Materials provided section start

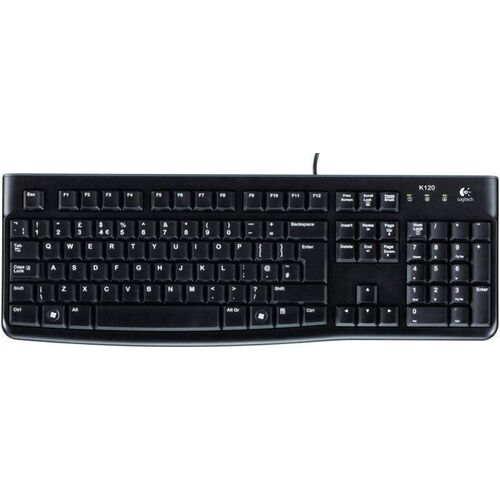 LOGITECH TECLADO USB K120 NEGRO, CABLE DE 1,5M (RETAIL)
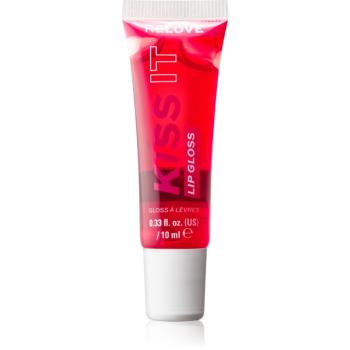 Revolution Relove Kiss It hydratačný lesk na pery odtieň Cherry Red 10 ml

Materials provided section end
Materials provided section start

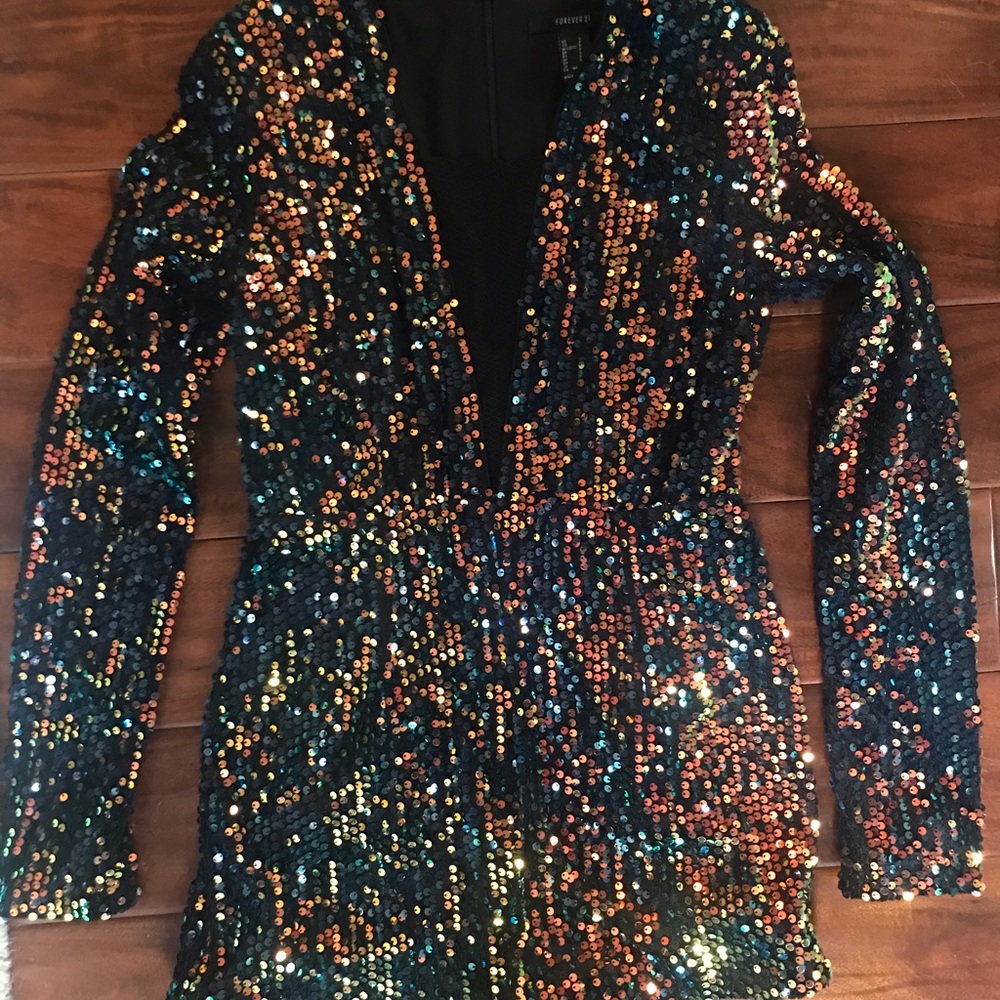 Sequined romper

Materials provided section end

## What to do:
Copy needed, without pictures: the lines of the listing above from the line containing "LOGITECH TECLADO USB" up to and including the line containing "Revolution Relove Kiss", set down exactly.

## Task solution:
 LOGITECH TECLADO USB K120 NEGRO, CABLE DE 1,5M (RETAIL)
 Revolution Relove Kiss It hydratačný lesk na pery odtieň Cherry Red 10 ml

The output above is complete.